Other states -- like North Carolina, South Carolina, Missouri, Indiana and Oklahoma -- are either rethinking the Core, or have already dropped it.
And then there's New York State, where our story takes an unlikely turn.
Crawford said, "A lot of people think a lot of the criticism is from conservatives, from Tea Party groups."
Carol Burris, the principal of South Side High School on New York's Long Island, one of the top-rated schools in the country, told Crawford, "In New York and California -- now these are two very blue states -- in one year the Common Core has gone from majority approval to majority disapproval.
"There's nothing wrong with having standards," Burris said. "Schools should have standards. States should have standards. But they've got to be good standards, and they have to be realistic standards."
And Common Core, Burris said, are neither.
A self-described progressive who campaigned for President Obama, Burris has now found common ground on the Common Core with her political opposites. That's thanks in part to test questions that she says are too hard, or just plain confusing. Like this one for first graders:
"These [answers] are all adding," said Crawford.
"Yep. I have no idea," said Burris. "To be honest with you, I still haven't figured it out."
After raising her concerns in a letter to the President, Burris got a reply from Mr. Obama, disagreeing with her, but praising her school.
"Where have you been keeping this letter now?" Crawford asked.
"In a closet," said Burris. "I just can't bear to look at it. It would just be too much of a reminder of the hope that I once had that is now gone."
That hopelessness turned to anger last fall, when Secretary Duncan made a controversial remark. He stated that "white suburban moms" are opposing the Common Core because it shows that "their child isn't as brilliant as they thought they were."
That, Burris told Crawford, "was the most incredibly insulting statement I have ever heard a Secretary of Education make. You know, he walked back a little bit of the remark, but not enough."
Duncan told Crawford, "I made one sentence that I didn't say perfectly, and I apologized for that.
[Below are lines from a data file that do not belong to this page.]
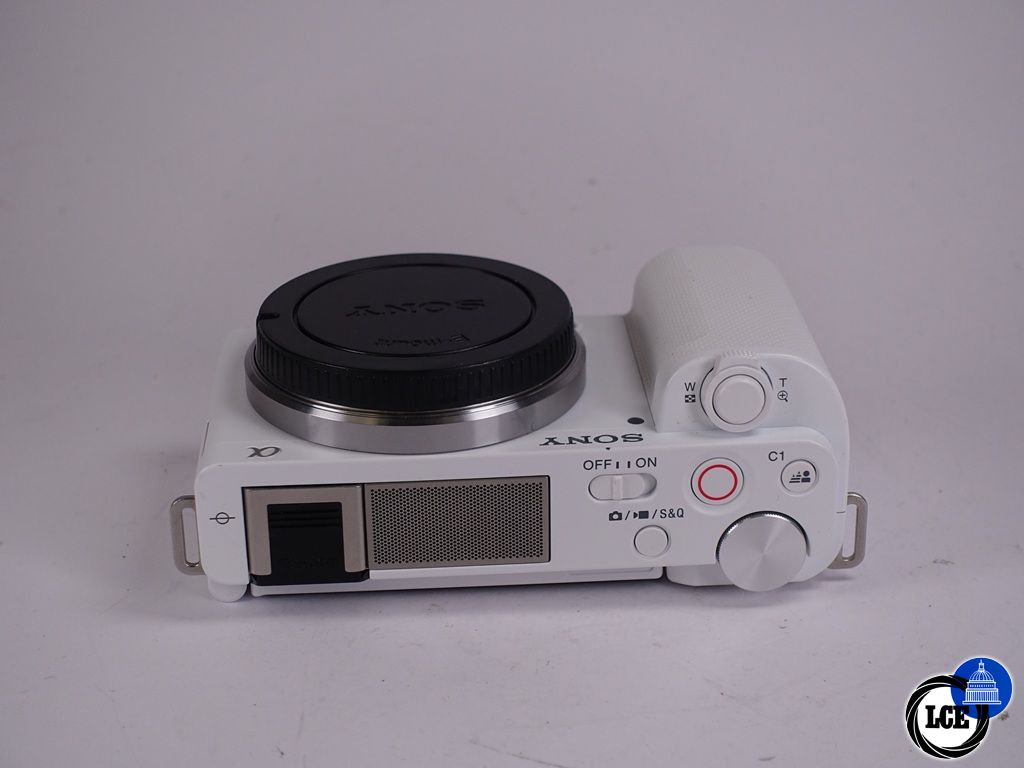 Sony ZV-E10 White **** Low Shutter Count 94 ****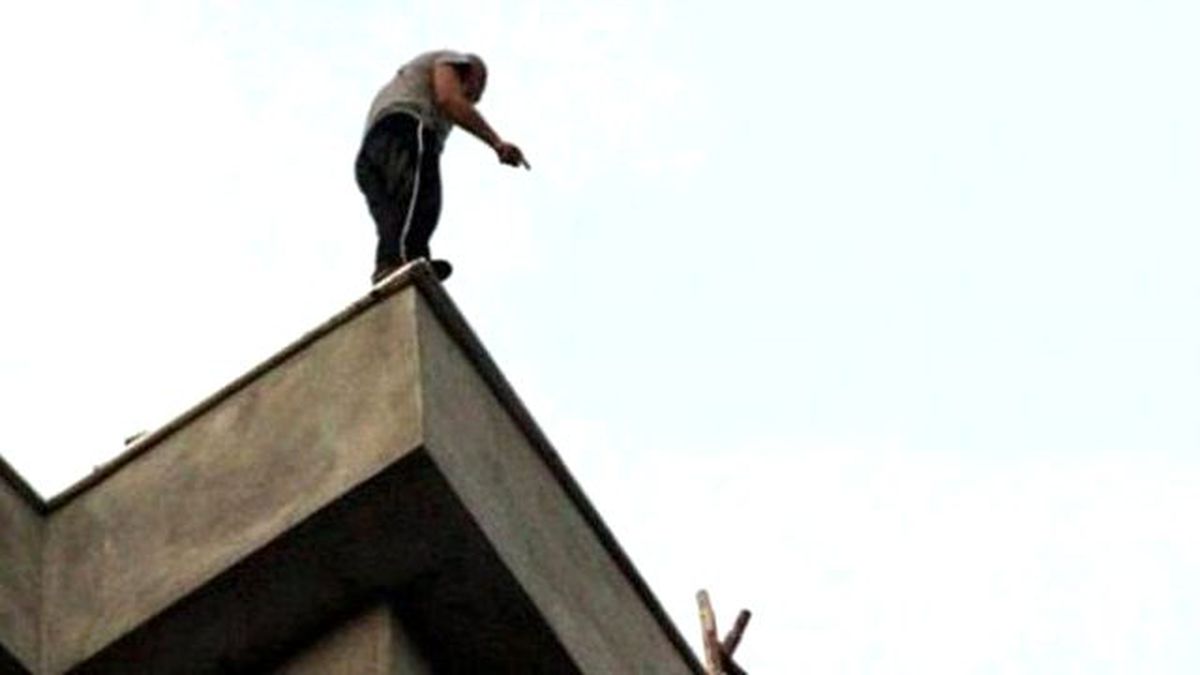 Aile Katliamından Kurtuldu, 8 Yıl Sonra İntihar Etti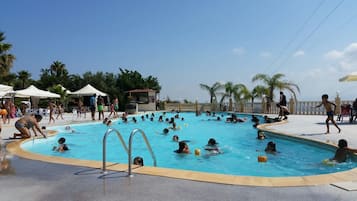 Seasonal outdoor pool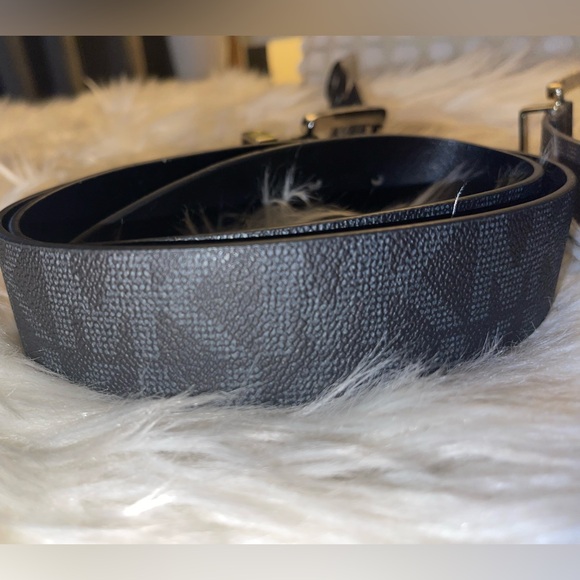 NWT MICHAEL KORS BELT BLACK MK PRINTED LOGO GOLD SIZE MEDIUM - Picture 10 of 17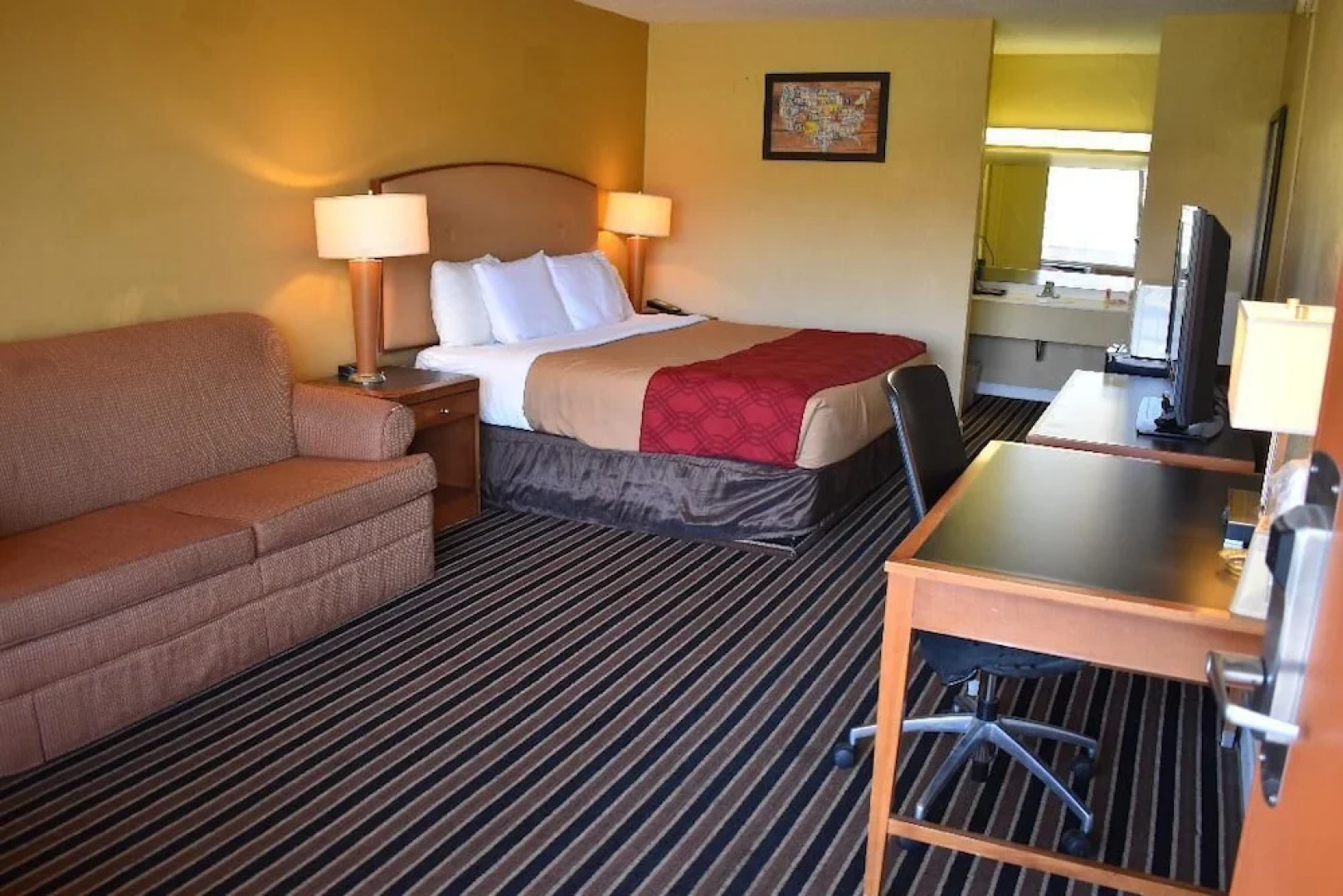 Inn by the Lake Gilbertsville Hotel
But for me the goal, again, is to have high standards for everyone."
But is that goal even possible?
When asked if she believes Common Core will survive, Burris said no: "I think parents are going to continue to push back. So I guess you could say that I'm doing my best to make what I think is inevitable happen faster."
But back in Tampa, supporters see something else as inevitable: classrooms nationwide that look like this one, where a teacher tells her students discussing a standard algorithm that they're "stepping outside of the box."
"We have been improving standards in this country in education since 1680," she said. "I don't know of a parent, when I speak to them, that doesn't want their child to be well-prepared for college or career when they walk out of high school."